I SHOULD be thought not able to read, should I overlook some excellent pieces lately come out. My lord bishop of St. Asapht has just now published some sermons, the preface to which seems to me to determine a great point. He has, like a good man, and a good Christian, in opposition to all the flattery and base submission of false friends to princes, asserted, that Christianity left us where it found us as to our civil rights. The present entertainment shall consist only of a sentence out of the Post-Boy, and the said preface of the lord of St. Asaph. I should think it a little odd if the author of the Post-Boy should with impunity call men republicans for a gladness on the report of the death of the pretender; and treat Baron Bothmar, the minister of Hanover, in such a manner as you see in my motto.
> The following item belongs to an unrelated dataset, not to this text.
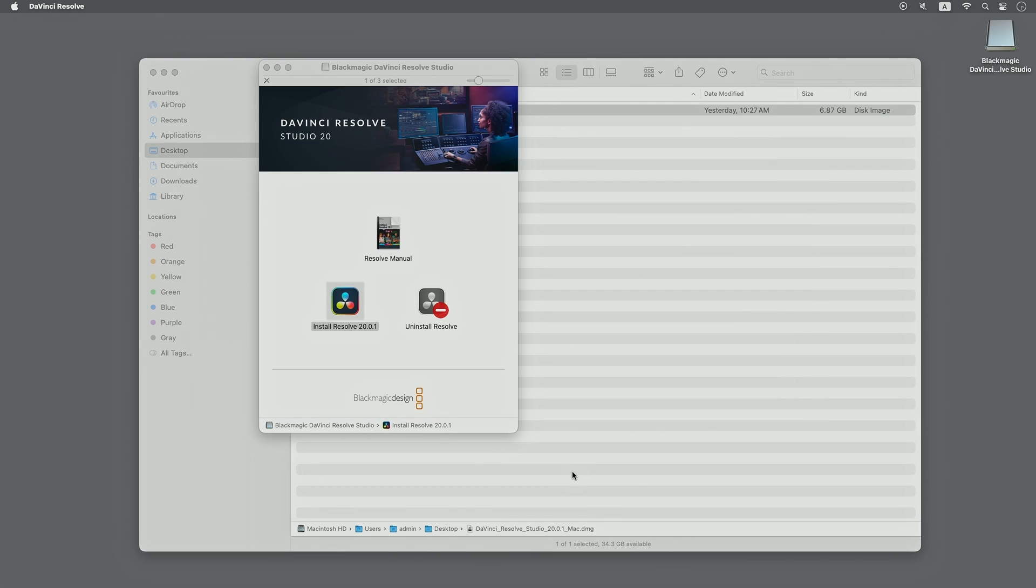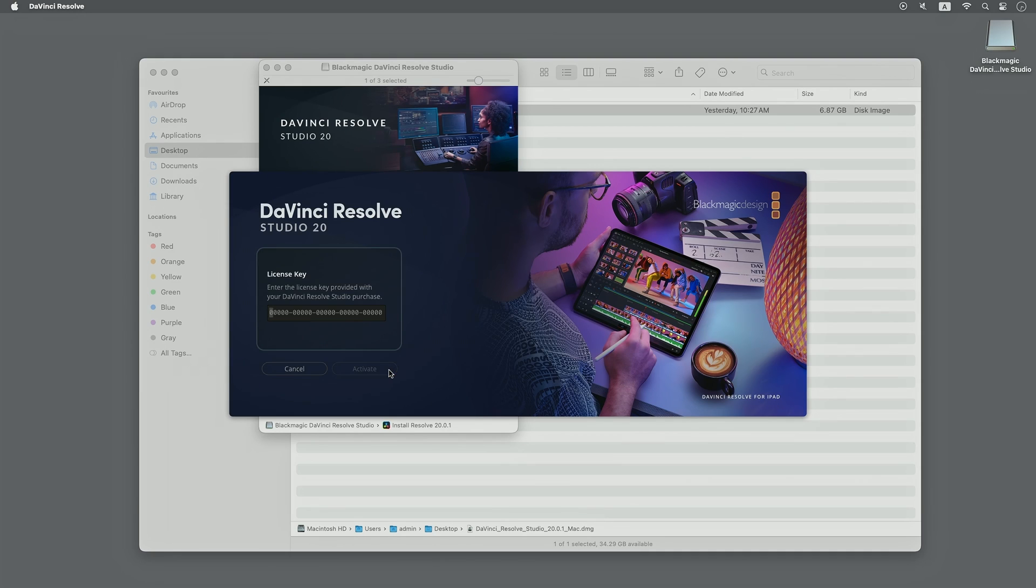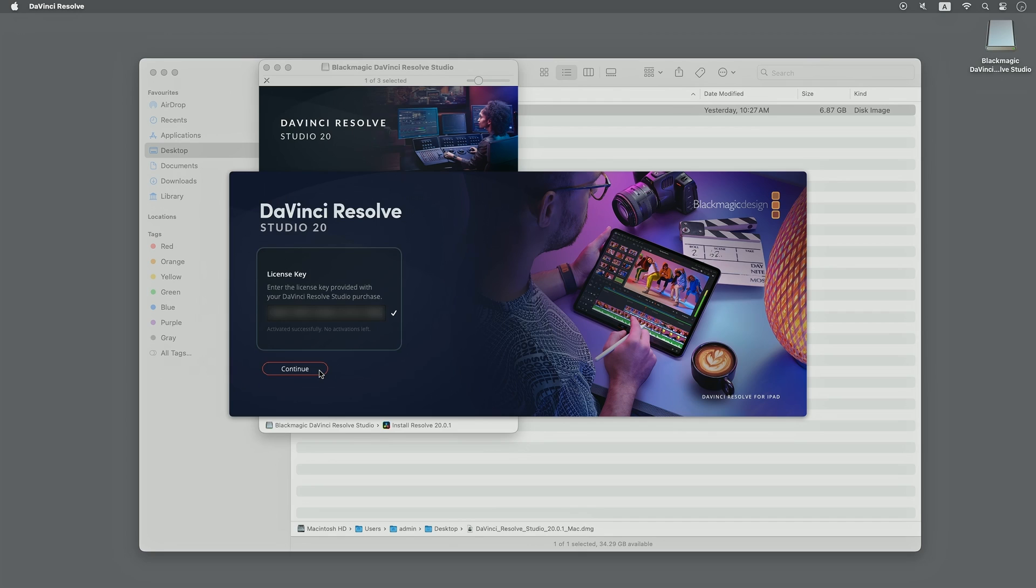Open your newly installed DaVinci Resolve Studio. Click on Use License Key and you can proceed to key in your activation code and start using DaVinci Resolve Studio normally on your macOS Sequoia machine.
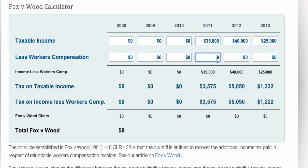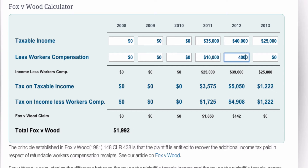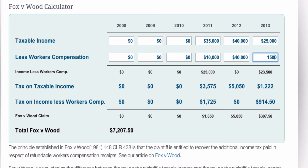The workers' comp amount, which we've got from either two sources — one is the schedule of payments of workers' compensation, or alternatively from the plaintiff's group certificates where the employer has been terminated and the workers' compensation insurer is paying them directly and issuing a group certificate. So in the first year they got $10,000 in workers' compensation, in the second period $40,000, and they returned to work in the third year and got $15,000.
I must own, I think every man in England concerned to support the succession of that family.

"The publishing a few sermons, while I live, the latest of which was preached about eight years since, and the first above seventeen, will make it very natural for people to inquire into the occasion of doing so; and to such I do very willingly assign these following reasons:

First, from the observations I have been able to make for these many years last past upon our public affairs, and from the natural tendency of several principles and practices, that have of late been studiously revived, and from what has followed thereupon, I could not help both fearing and presaging, that these nations should some time or other, if ever we should have an euterprising prince upon the throne, of more ambition than virtue, justice, and true honor, fall into the way of all other nations, and lose their liberty.

Nor could I help foreseeing to whose charge a great deal of this dreadful mischief, whenever it should happen, would be laid; whether justly or unjustly, was not my business to determine: but

* Ambassador from Hanover, and afterward agent here for the Hanoverian family. Dr. William Fleetwood.

I resolved, for my own particular part, to deliver myself, as well as I could, from the reproaches and the curses of posterity, by publicly declaring to all the world, that although, in the constant course of my ministry, I have never failed, on proper occasions, to recommend, urge, and insist upon the loving, honoring, and reverencing the prince's person, and holding it, according to the laws, inviolable and sacred; and paying all obedience and submission to the laws, though never so hard and inconvenient to private people: yet did I never think myself at liberty, or authorized to tell the people that either Christ, St. Peter, or St. Paul, or any other holy writer, had, by any doctrine delivered by them, subverted the laws and constitutions of the country in which they lived, or put them in a worse condition, with respect to their civil liberties, than they would have been had they not been Christians. I ever thought it a most impious blasphemy against that holy religion, to father anything upon it that might encourage tyranny, oppression, or injustice, in a prince, or that easily tended to make a free and happy people slaves and miserable. No. People may make themselves as wretched as they will, but let not God be called into that wicked party. When force and violence, and hard necessity, have brought the yoke of servitude upon a people's neck, religion will supply them with a patient and submissive spirit under it till they can innocently shake it off: but certainly religion never puts it on. This always was, and this at present is, my judgment of these matters and I would be transmitted to posterity (for the little share of time such names as mine can live), under the character of one who loved his country, and would be thought a good Englishman, as well as a good clergyman.

"This character I thought would be transmitted by the following sermons, which were made for, and preached in, a private audience, when I could think of nothing else but doing my duty on the occasions that were then offered by God's providence, without any manner of design of making them public: and for that reason I give them now as they were then delivered; by which I hope to satisfy those people who have objected a change of principles to me, as if I were not now the same man I formerly was. I never had but one opinion of these matters; and that, I think, is so reasonable and well-grounded, that I believe I can never have any ather.

"Another reason of my publishing these sermons at this time is, that I have a mind to do myself some honor by doing what honor I could to the memory of two most excellent princes, and who have very highly deserved at the hands of all the people of these dominions, who have any true value for the Protestant religion, and the constitution of the English government, of which they were the great deliverers and defenders. I have lived to see their illustrious names very rudely handled, and the great benefits they did this nation treated slightly and contemptuously. I have lived to see our deliverance from arbitrary power and popery traduced and vilified by some who formerly thought it was their greatest merit, and made it part of their boast and glory, to have had a little hand and share in bringing it about; and others who, without it, must have lived in exile, poverty, and misery, meanly disclaiming it, and using il. the glorious instruments thereof. Who could expect such a requital of such merit? I have, I own it, an ambition of exempting myself from the number of unthankful people: and as I loved and honored those great princes living, and lamented over them when deal, so I would gladly raise them up a monument of praise as lasting as

anything of mine can be: and I choose to do it at this time, when it is so unfashionable a thing to speak honorably of them.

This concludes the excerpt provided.